Özel, bu süreçte Ege Denizi’ndeki komşu ülkelerin de tsunami ikaz merkezi olma eforlarının kelam konusu olduğunu vurgulayarak, kelamlarını şöyle sürdürdü:
“Önemli diplomatik ve bilimsel tartışmalar sonucunda Kandilli Rasathanesi 2012 yılında tsunami hizmet sağlayıcı olarak tespit ve kabul edildi. 1 Temmuz 2012’den beri biz bu denizlerde meydana gelebilecek 5,5 ve sığ, karşıt ya da olağan faylanmalı zelzele sonucu olacak tsunami ikaz iletisini bölgemizde 13 ülkeye, Türkiye içinde AFAD’a, Muğla Belediyesi’ne, İstanbul Büyükşehir Belediyesi’ne ve ilgili kurumlara servis ediyoruz. Şimdiye kadar 46 tane tsunami iletisi üretilmiş ve ilgili kurumlara bilgi vermişiz.”
Prof. Dr. Özel, Marmara Denizi’nde gerçekleşebilecek mümkün bir tsunami tehlikesine karşı yaptıkları çalışmalarla ilgili de bilgi verdi.
Geçen yıl Kandilli Rasathanesi olarak 20 müşahede istasyonu daha kurduklarını belirten Özel, “Kuzey Anadolu fay zonunun Marmara Denizi içindeki devamında meydana gelebilecek bir deprem, Marmara Denizi içinde heyelanları tetikleyebilir. Bu heyelanlar da deniz suyunun yükselmesi sonucunda tsunamilere neden olabilir. Bu tehlikelere karşı Marmara Bölgesi’nin kıyılarını korumak için biz bu istasyonları çalıştırıyoruz. Marmara’yı çok yakından izliyoruz.” sözlerini kullandı.
“5,5 BÜYÜKLÜĞÜN ÜZERİNDEKİ ZELZELELERDE TSUNAMİYE KARŞI UYARIYORUZ”
Kandilli Rasathanesi Sarsıntı Araştırma Enstitüsü Bölgesel Sarsıntı Tsunami İzleme Kıymetlendirme Merkezi Tsunami Operasyonlarından Sorumlu Müdür Yardımcısı Dr. Musavver Didem Cambaz ise enstitünün, tsunami servis sağlayıcı ve memleketler arası tsunami ikaz merkezi olarak hizmet verdiğini söyledi.

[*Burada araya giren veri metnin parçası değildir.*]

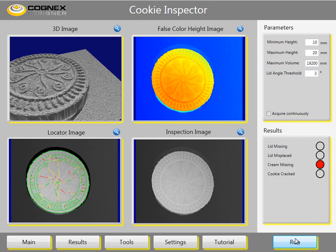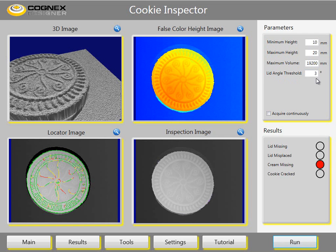Next we have a cookie with missing cream. One can see this by a lid that is slightly tilted. The false color image shows a change in the color of the cookie. On the parameter tab this condition is reflected by the lid angle threshold. As soon as it exceeds this value the cookie is considered to be missing cream.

UNESCO çatısı altında akreditasyonunu almış bir kurum olarak, 7/24 sarsıntı tahlillerini yaptıktan sonra tsunami potansiyeli bulunan durumlara ait bildiriler yayınladıklarını aktaran Cambaz, ” Bu iletileri Kuzeydoğu Atlantik, Akdeniz ve temaslı denizler dediğimiz Marmara, Karadeniz ve Ege Denizi’ni de içine alan alanda 13 ülkeden 16 enstitü ve kuruma, ülkemizde direkt AFAD’a, bunun dışında projelerde işbirliklerinden ötürü sistemimize kayıt olan ünitelere dağıtıyoruz.” halinde konuştu.
Cambaz, denizde yahut denize yakın bir arada 5,5 büyüklüğün üzerindeki sarsıntılarda tsunami ihtar iletileri yayınladıklarını belirtti.

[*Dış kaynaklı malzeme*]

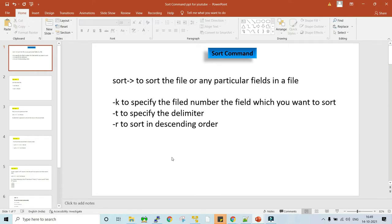Now let's try to understand the sort command in UNIX. As far as sort command is concerned, this is also one of the most asked questions in interviews if you are going for a UNIX interview. We'll be doing practicals to learn the sort command, but before doing practicals in PuTTY, let's understand why we use a sort command. We use a sort command to sort a file or any particular field in a file.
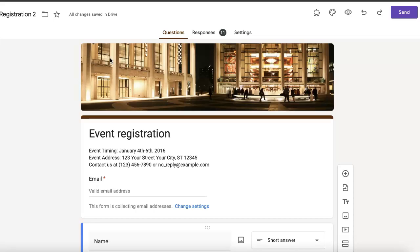Now the great thing about Google Forms is that you actually can edit the Google Form even though you've already sent the link out.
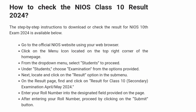Go to the official NIOS website using your web browser. Click on the menu icon located on the top right corner of the homepage. From the drop-down menu, select Students to proceed. Under Students, choose Examination from the options provided.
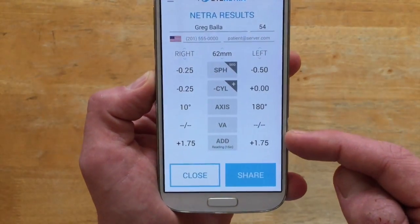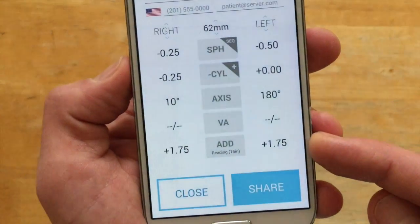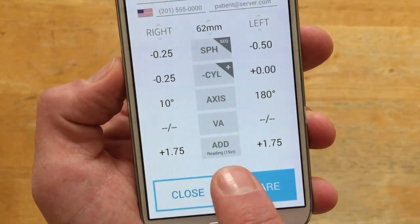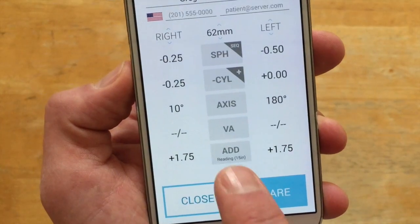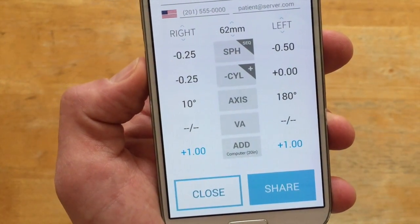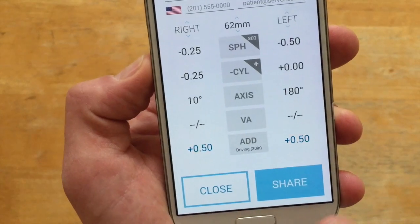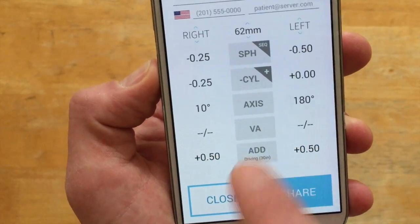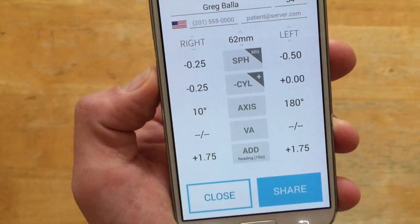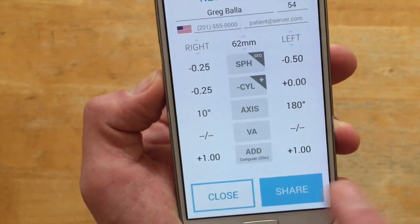As soon as I enter that birth date, an add value appears at the bottom. We can toggle between distances: reading at 15 inches, computer at 20 inches, driving at 30 inches for the dashboard, or smartphone at 10 inches. We'll leave it at computer distance.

Deniz düzeyi yüksekliklerini gözlemleyip anomali görülmesi durumunda devam bildirilerini da yayınladıklarını söz eden Cambaz, makul bir vakit geçmesi ve hiçbir değişikliğin olmaması durumunda bildirisi sonlandırdıklarını anlattı.

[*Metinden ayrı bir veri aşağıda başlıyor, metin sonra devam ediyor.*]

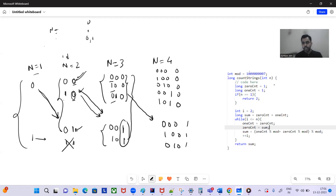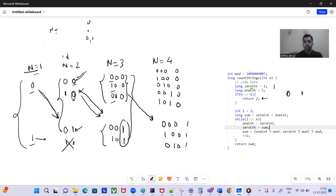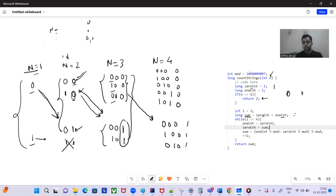Here's the code. We start with n=1: zero_count = 1, one_count = 1, and if n equals 1 we return 2. If n is greater than 1, we track the count of all strings of length n without consecutive ones. We start the loop at i=2. Initially sum = zero_count + one_count = 2.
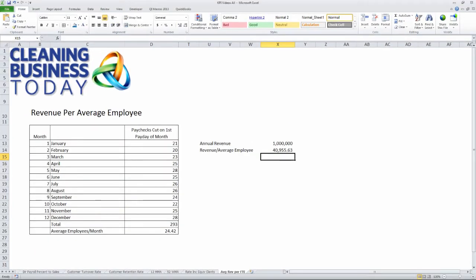So, I would know that on an annual basis for roughly every $41,000 of additional revenue I would gain or $41,000 revenue I would lose, that I would expect my number of employees to go up and down by one for every increment of $41,000.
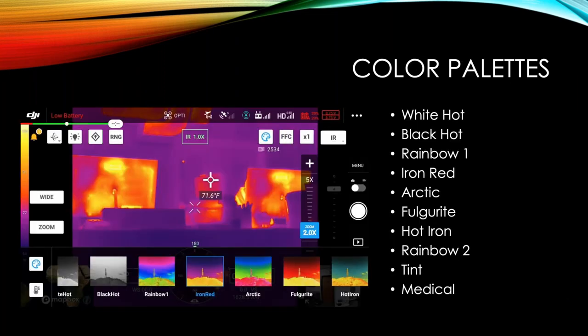Now we'll talk about the color palettes. There's a handful of different color palettes you can choose from: White Hot, Black Hot, Rainbow One, Iron Red, Arctic, Bulgarite, Hot Iron, Rainbow Two, Tint, and Medical. And when you click on the palette icon at the top of the screen there, you can see it highlighted in blue. You'll get this pop-up from the bottom of the screen that allows you to change your palette or change your temperature ranges. So on this particular screenshot, we're showing the palettes, and you kind of get a little preview of what that would look like. It's not live from the camera. It's just a sample image, but it gives you an idea of what you're looking at when you're changing those palettes. And some palettes are going to be better for some things than others.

“TSUNAMİ İLETİLERİ ÇEŞİTLİ DENİZLERDEKİ MÜŞAHEDE İSTASYONLARIYLA DESTEKLENİYOR”
Cambaz, Kandilli Rasathanesi Sarsıntı Araştırma Enstitüsü’nde yayınlanan tsunami bildirilerinin, Türkiye’de çeşitli denizlerdeki müşahede istasyonlarıyla da desteklendiğini lisana getirdi.
Daha evvelki yıllarda Harita Genel Müdürlüğünün işletmekte olduğu istasyonları birincil olarak kullandıklarını söz eden Cambaz, şunları kaydetti:
“Fakat son yıllarda yaptığımız çalışmalarla bilhassa İstanbul Vilayet Afet Risk Azaltma Planlaması kapsamında kurulan istasyonlarla, şu anda Marmara Denizi’nde 20 yeni istasyon kuruldu ve ülkemizde en güzel izlenen denizlerden bir tanesi Marmara Denizi. Şu anda Kandilli Rasathanesi tarafından işletilen 24 istasyonla Marmara Denizi izlenmekte. Rastgele bir deniz düzeyi değişikliği anında ölçülerek bunlarla ilgili iletiler gerekli görüldüğü durumlarda yayınlanmakta.”